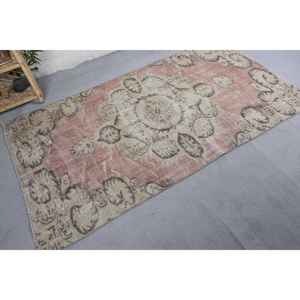 พรมขนสัตว์วินเทจขนาด3.9x7.2ฟุตลายปะต่อสีเบจสีชมพูดีไซน์สี่เหลี่ยมโถงทางเดินสำหรับฤดูร้อนห้องนั่งเล่นน้ำยางใหม่ - Product Image 2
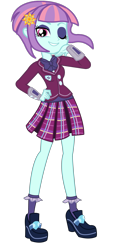 Size: 2600x5200 | Tagged: safe, artist:lifes-remedy, character:sunny flare, equestria girls:friendship games, g4, my little pony: equestria girls, my little pony:equestria girls, absurd resolution, bow tie, clothing, crystal prep academy, crystal prep academy uniform, crystal prep shadowbolts, female, high heels, one eye closed, pleated skirt, school uniform, simple background, skirt, socks, solo, transparent background, vector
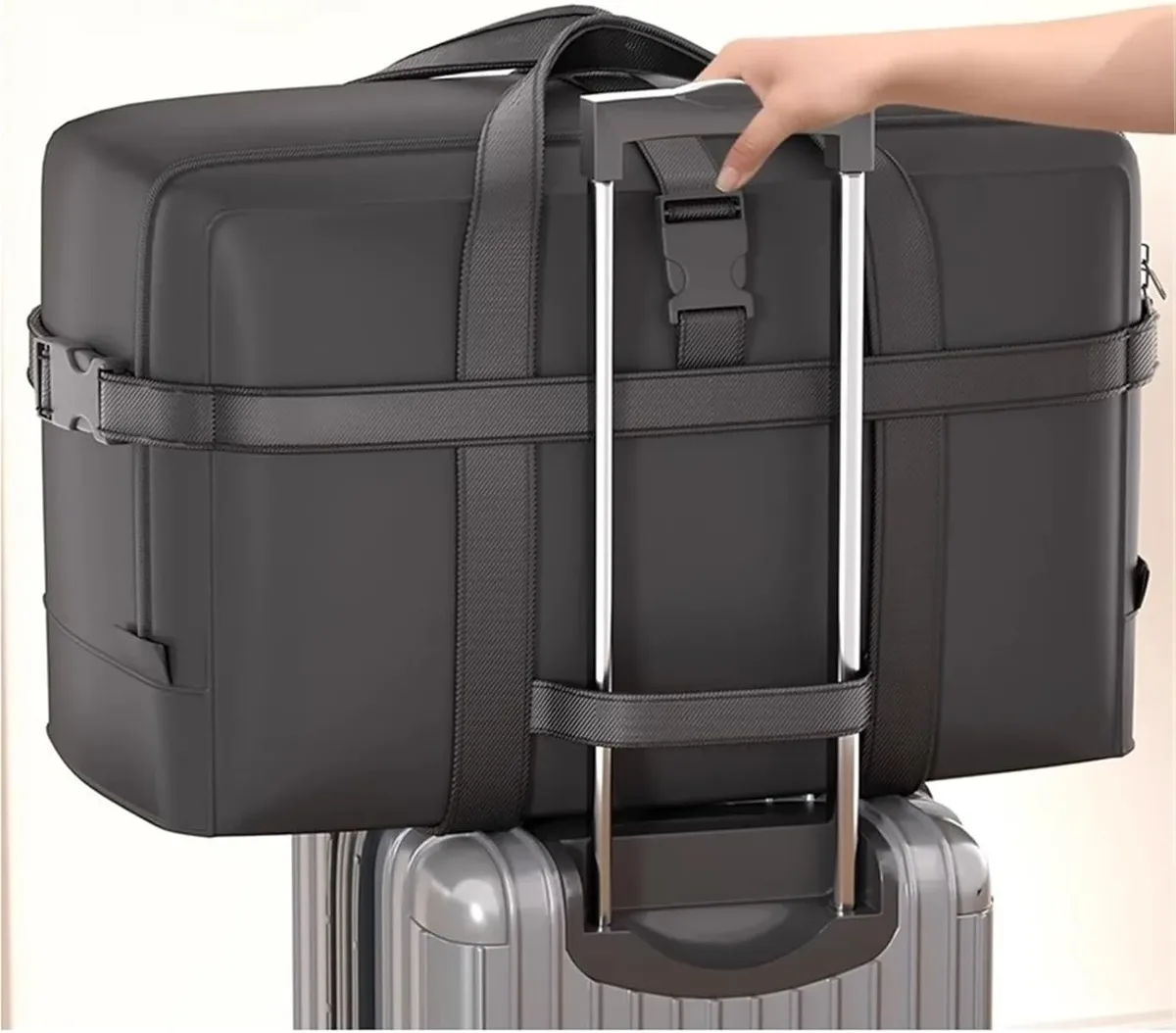 grand sac de voyage pliable et imperméable, sac à main durable, design peu encombrant pour valise à roulettes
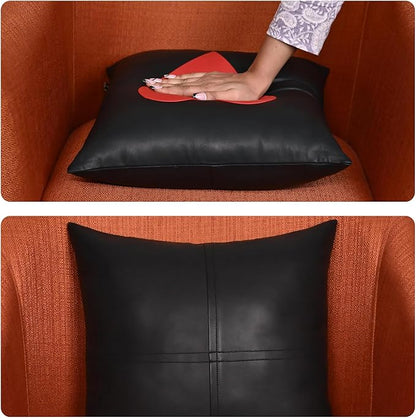 LL LEATHER LOVERS Genuine Lambskin Leather Pillow Cover, 20x20 Inch Case for Lumbar Throw Couch Pillows, Thick & Soft Cushion Covers for Sofa Bed Home Décor (Red Heart & Black Plain Pack of 1)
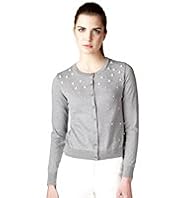 Limited Collection Pure Cotton Faux Pearl Embellished Cardigan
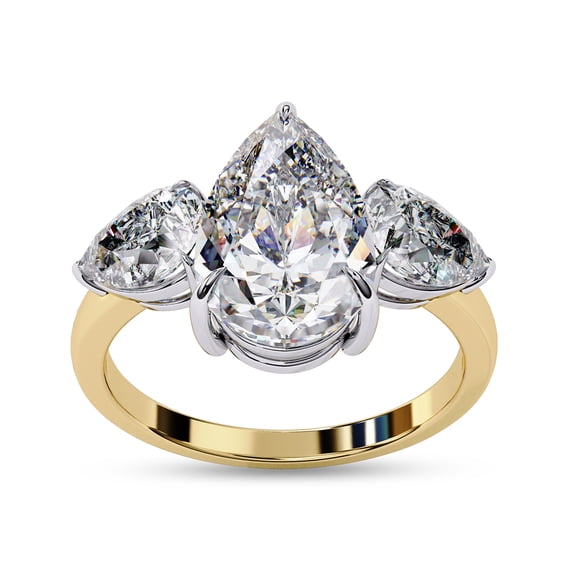IGI Certified Lab Grown Diamond Ring | Center 11x7mm Pear Cut Three Stone Engagement Promise Rings For Women In 18k Solid Yellow Gold | F-G, VS-SI Quality (3.00 Ctw) Ring Size-7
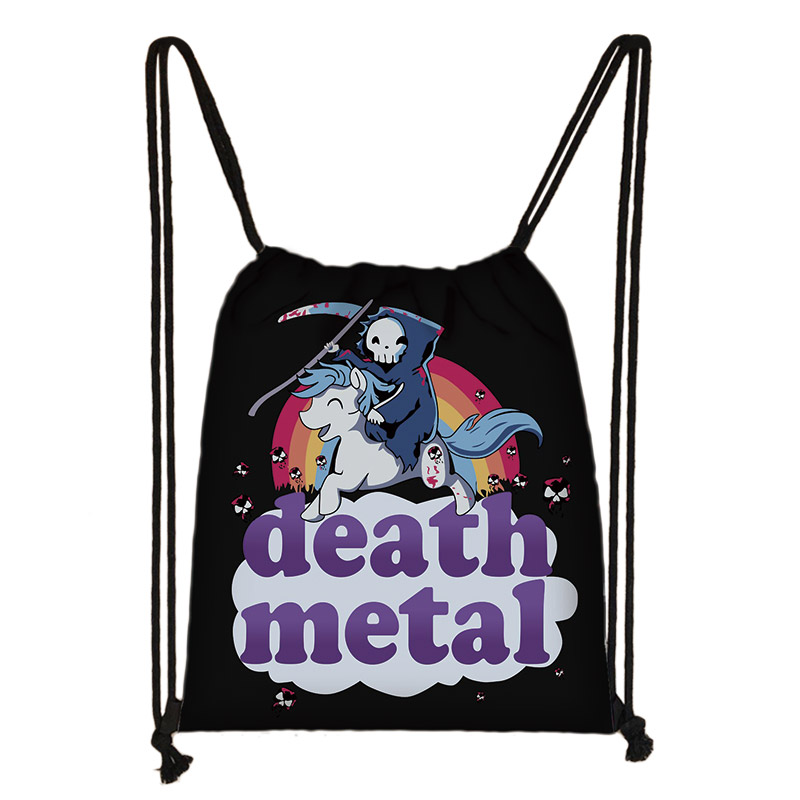 Mochila Cool Death Skull para hombre y mujer, bolsa de viaje con cordón, para guardar zapatos, de lona: skdmohuan10cw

Work instructions
I would like the data copied exactly as it stands, with no pictures included.

Task result
 พรมขนสัตว์วินเทจขนาด3.9x7.2ฟุตลายปะต่อสีเบจสีชมพูดีไซน์สี่เหลี่ยมโถงทางเดินสำหรับฤดูร้อนห้องนั่งเล่นน้ำยางใหม่ - Product Image 2
 Size: 2600x5200 | Tagged: safe, artist:lifes-remedy, character:sunny flare, equestria girls:friendship games, g4, my little pony: equestria girls, my little pony:equestria girls, absurd resolution, bow tie, clothing, crystal prep academy, crystal prep academy uniform, crystal prep shadowbolts, female, high heels, one eye closed, pleated skirt, school uniform, simple background, skirt, socks, solo, transparent background, vector
 grand sac de voyage pliable et imperméable, sac à main durable, design peu encombrant pour valise à roulettes
 LL LEATHER LOVERS Genuine Lambskin Leather Pillow Cover, 20x20 Inch Case for Lumbar Throw Couch Pillows, Thick & Soft Cushion Covers for Sofa Bed Home Décor (Red Heart & Black Plain Pack of 1)
 Limited Collection Pure Cotton Faux Pearl Embellished Cardigan
IGI Certified Lab Grown Diamond Ring | Center 11x7mm Pear Cut Three Stone Engagement Promise Rings For Women In 18k Solid Yellow Gold | F-G, VS-SI Quality (3.00 Ctw) Ring Size-7
 Mochila Cool Death Skull para hombre y mujer, bolsa de viaje con cordón, para guardar zapatos, de lona: skdmohuan10cw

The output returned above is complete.